東ベルリンと西ベルリンを隔てていた”ベルリンの壁”が1989年11月に崩壊して以来、20年あまりが経過。東西ドイツ統一直後は一時的な混乱があったものの、近年、ベルリンは、ドイツ内外からアーティストやクリエイター・起業家らが多く集まり、欧州の中でもとりわけ活気あふれる街として注目されています。そんな古い歴史と新しいエネルギーを併せ持つベルリンの街で、ステキなコミュニティ農園に出会いました。
ベルリンのモーリッツ広場(Moritzplatz)にある「Prinzessinnengärten」は、2009年夏に設立されたコミュニティ型農園です。地域のボランティアの協力によって、50年以上放置されゴミだらけになっていた荒れ地が肥沃な農園へと見事に再生。
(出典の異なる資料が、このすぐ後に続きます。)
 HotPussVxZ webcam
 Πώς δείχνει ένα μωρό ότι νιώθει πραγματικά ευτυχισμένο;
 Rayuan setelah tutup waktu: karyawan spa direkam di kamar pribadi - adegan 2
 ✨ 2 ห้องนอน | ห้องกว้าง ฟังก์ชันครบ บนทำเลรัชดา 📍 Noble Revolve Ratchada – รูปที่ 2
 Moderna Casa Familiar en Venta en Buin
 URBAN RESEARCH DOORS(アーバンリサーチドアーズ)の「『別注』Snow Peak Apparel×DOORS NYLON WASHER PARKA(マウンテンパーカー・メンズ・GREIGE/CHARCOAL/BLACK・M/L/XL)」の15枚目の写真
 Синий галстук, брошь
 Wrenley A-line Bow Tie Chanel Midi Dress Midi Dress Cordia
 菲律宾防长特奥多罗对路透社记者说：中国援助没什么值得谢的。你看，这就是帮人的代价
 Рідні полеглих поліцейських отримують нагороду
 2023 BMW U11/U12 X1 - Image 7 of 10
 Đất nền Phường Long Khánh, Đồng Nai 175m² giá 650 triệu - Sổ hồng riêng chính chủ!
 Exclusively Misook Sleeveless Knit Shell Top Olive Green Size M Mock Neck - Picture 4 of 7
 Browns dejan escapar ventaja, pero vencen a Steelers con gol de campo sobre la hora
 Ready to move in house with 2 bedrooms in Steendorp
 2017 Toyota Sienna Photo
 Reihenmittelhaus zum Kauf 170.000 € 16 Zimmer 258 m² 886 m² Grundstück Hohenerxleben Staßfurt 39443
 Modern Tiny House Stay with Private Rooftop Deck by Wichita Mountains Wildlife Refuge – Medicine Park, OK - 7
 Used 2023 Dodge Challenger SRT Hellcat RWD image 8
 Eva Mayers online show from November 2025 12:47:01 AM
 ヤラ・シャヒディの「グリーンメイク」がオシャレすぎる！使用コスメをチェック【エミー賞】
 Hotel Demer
地域住民が集い、野菜・果物を栽培しながらご近所同士のコミュニケーションも楽しめる”都会のオアシス”として、ベルリナー(Berliner・ベルリン市民)に広く親しまれています。
大きな畑では、この時期、キャベツ・ブロッコリー・カリフラワーなど、たくさんの冬野菜が栽培されていました。
プランター代わりの袋の中で栽培されているキャベツもこの通り、元気いっぱいに成長中です。
倉庫などの建物には、輸送用コンテナを再利用。カラフルに描かれたグラフィティがオシャレです。輸送用コンテナを活用した事例としては、スターバックスのドライブスルー専用コーヒーショップやクライストチャーチのショッピングモール「Re:START」などもありますが、耐久性や強度の十分な輸送用コンテナの再利用は、設置のためのコストと時間を節約でき、環境負荷の軽減にもつながるという利点がありますね。
「Prinzessinnengärten」内のカフェでは、コーヒーなどの飲み物やスイーツ、軽食もいただけます。作業の合間に、仲間とおしゃべりしながらお茶をいただくのも、楽しみのひとつかも。
「Prinzessinnengärten」は交通量が比較的多い道路に隣接しながら、一歩足を踏み入れると、都会の真ん中にいることを忘れてしまいそうなくらい、とても静か。私がこの地を訪れたのはちょうど晩秋の季節だったので、黄金に美しく色づいた木々を眺めて、すっかりリラックスできました。
都会の片隅で忘れられそうになっていた場所をコミュニティの力で再生させ、都市型の”地産地消”を実践しながら、地域住民のネットワーキングの場としても機能している「Prinzessinnengärten」の取り組みは、日本の都市部でも参考になる事例だと思いました。